Treme is a purposely uneasy look at the Big Easy. Like The Wire was to Baltimore, Treme is both a love letter to the rich musical and culinary culture of New Orleans and a lamentation on its civic decline — and if you haven’t watched it yet, FAIR WARNING: SPOILERS AHEAD. After Season One wrapped with the suicide of Creighton Bernette, the English professor, novelist, and outraged blogger played by John Goodman, this season has dealt similarly tragic hands to two beloved characters. LaDonna Batiste-Williams, the strong-willed, street-savvy saloon keeper played by Khandi Alexander, ends up beaten and raped in an unspeakably vicious moment. Then, Harley Watt, a guardian angel street musician played by alt-country rocker Steve Earle, is shot dead in a street robbery gone wrong.
If Simon ever had misgivings about subjecting his finely drawn characters to such cruel fates, you wouldn’t know it. He has been criticised in the past for his apparent lack of sentimentality for his creations—Salon‘s Matt Zoller Seitz was particularly upset by the rape episode. Writers who’ve toiled for Simon bristle at his willingness to kill off characters they’ve invested so much in. Just before the fourth season of The Wire premiered, I moderated a discussion between Simon and the novelist Richard Price, who wrote for the series and harbored some serious resentment toward his boss’s nihilism. (In an interview with the New Orleans Times-Picayune, Earle joked that Simon blames novelist George Pelecanos, another Wire veteran and Treme scribe, for being the “Dr. Death” behind many of the offending episodes.)
As a viewer who’s invested emotionally in Simon’s characters, I share that outrage over their fictional fates. But I also believe that outrage is something Simon himself feels and wants to inspire in others. At heart, he is still a crusading journalist who’s outraged by injustice and knows that it’s the rare story that ends up happily ever after. And as someone who has publicly lamented the decline of the newspaper industry and criticised the Fourth Estate for putting fiscal priorities ahead of civic responsibility, he knows that crusading reporters who strive to take down corrupt politicians and criminal conspiracies are an endangered species.
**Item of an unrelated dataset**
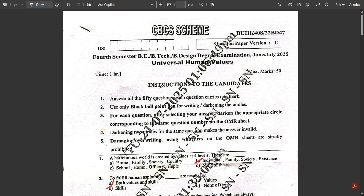Let us know whether the membership was useful or not. In my opinion it was very useful, as most questions from EMT and Control System appeared in your latest exam. I also did a previous year paper analysis where I showed how the videos were useful. Please let me know in the comments how your fourth sem exams went and whether I should continue this membership model in future.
So instead of practicing watchdog journalism, Simon is in the business of watchdog fiction. In that sense, he’s on the other side of the coin from Jon Stewart and Stephen Colbert, who use humour and satire to fill the void left by actual news outlets. It’s an unstinting brand of agitprop TV, though, that demands a lot of viewers. Kudos to HBO for supporting it — at least for a third season.